Good fences make good neighbours, so relations can cool when they fall down, as Mark Hennessy finds when he visits Lord Waterford's estate
The view lacks for nothing other than the theme music of Brideshead Revisited: the long drive, the wide gates, the gravel crunching underfoot up to the imposing main door of Curraghmore. Drive into Lord Waterford's estate, nestled in a wooded valley divided by the River Clodagh, near Portlaw, in Co Waterford, and the centuries fall away.
Oliver Cromwell came here in 1649, with the intention of burning it, as he had done to so many other places. In the end, it seems, he had something to eat. "Family lore has it that, when Cromwell came here, my ancestor was locked up by his daughter in the dungeon, because she thought he would say the wrong thing. Then she invited Cromwell in for tea. And he came, and he left," says Tyrone de Poer Beresford, the eighth marquis of Waterford.

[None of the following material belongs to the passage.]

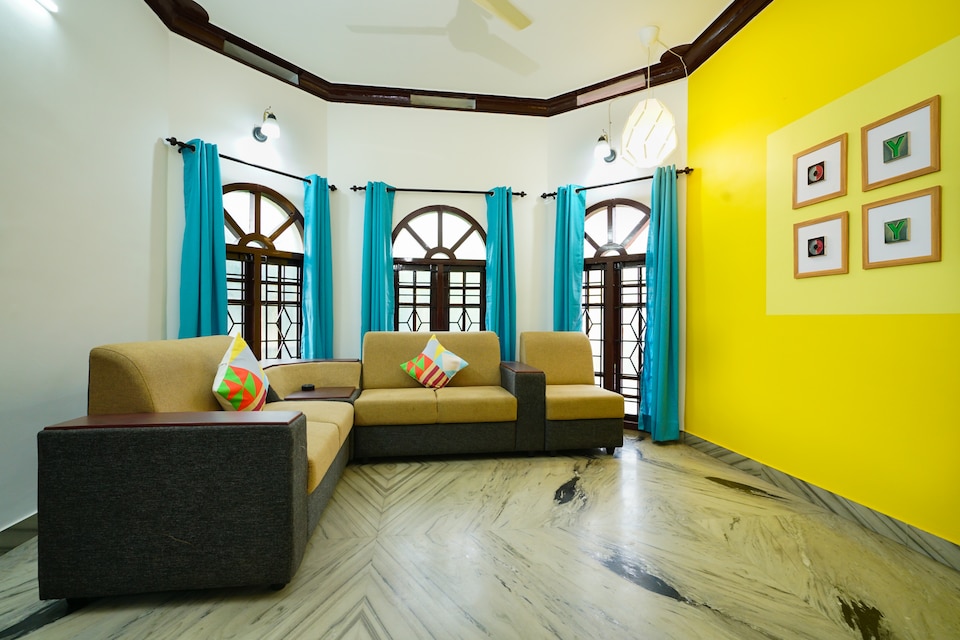 OYO 37407 Spacious Stay, Vytilla Kochi, Kochi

Then there is the legend of the Cross. Once, it is said, an IRA unit came to burn down Curraghmore, although local historians divide on the subject. The unit reportedly got to the main gates, then saw a cross on the roof, behind a stag of St Hubert, one of the family's emblems, light up. "They took that as a sign that they shouldn't do anything, and they went away," says de Poer Beresford.
The family, which has been in Ireland since 1169, has lots more colour in its history. One ancestor, Lord Charles Beresford, fought his way up the Nile in an unsuccessful attempt to rescue General Gordon at Khartoum, in 1885; another, William, serving with the 9th Lancers, won a Victoria Cross, Britain's highest award for bravery in the face of an enemy, during the Zulu War of 1879, when he and a fellow solider, Sergeant Edmond O'Toole, saved the life of a corporal.
In recent decades, the house hosted Fred Astaire and Jacqueline Kennedy, as well as Charles Haughey. "CJ was keen on hunting. I think I lent him a horse," says de Poer Beresford, who is still involved in the daily running of the main, 2,500-acre estate. The family, he says proudly, have never been absentee landlords.
Although the history of the family and building is dear to him, the marquis is more interested in his ongoing dispute with Coillte, the State forestry company, about the poor condition of kilometres of walls around 1,900 acres that the State rented from the family, on a 150-year lease, in the 1930s. "My father leased the land to the department of lands" - now the Department of Communications, Marine and Natural Resources - "just before he died, in 1934," he says. "The terms of the lease are very clear. The walls are to be maintained."
In many places, the stone walls, which were built to provide work during the Famine, have fallen down or are about to do so, weakened by the roots of pine trees that have been allowed to grow too near them.
The lease is specific: "The Minister will from time to time and at all times during the said term hereby granted well and sufficiently repair, maintain and keep all walls, fences, ditches and drains."
Although Coillte is but the latest organisation to be in charge of State forestry, Lord Waterford has been complaining for years that the walls were being allowed to decay. Now, ready to take legal action, he has brought in experts who have estimated that it would cost €11 million to put the damage right, as highly trained craftsmen would be needed.
In November 1989 Coillte wrote to him to say it had hired a private contractor, who was working on the walls "at present". "The damage to the walls is extensive and it will take time to repair. This is compounded by the nature of the walls and the craftsmanship and materials required to carry out repairs. I wish to state that the company will repair the damage caused to the walls and to the entrances," wrote a representative of Coillte's estate-management division, promising to have the repairs completed in September 1990.
Coillte then promised to have the walls on two sides of Beallough Wood and at Tower Hill Wood repaired during the following year and said "normal maintenance" would then continue "from year to year".
Some repairs have been done in recent months, although, according to the marquis, the work does not match the wall destroyed.
"They have allowed trees to grow right up alongside walls. I started to complain to them about this during the 1970s, but nothing got done. The leases were very badly drawn up. The rental is absolutely minimal, just 14 pence in old money per acre. Nobody thought about inflation. There were no rent reviews, though we were not unique in that."
Gerry Egan, Coillte's secretary, says the company assumed responsibility for the lease in 1989; he blames storms in 1974 and 1997 for the damage. "Coillte was faced with a major task to carry out this work. Over the past 10 years some repairs were carried out. Coillte was approached by Lord Waterford in 2005, expressing dissatisfaction with the situation."
Coillte, he says, "accelerated the repair of the walls in 2005 and 2006", but, given the extensive damage sustained "over the past 70 years, it will take time to meet these obligations fully".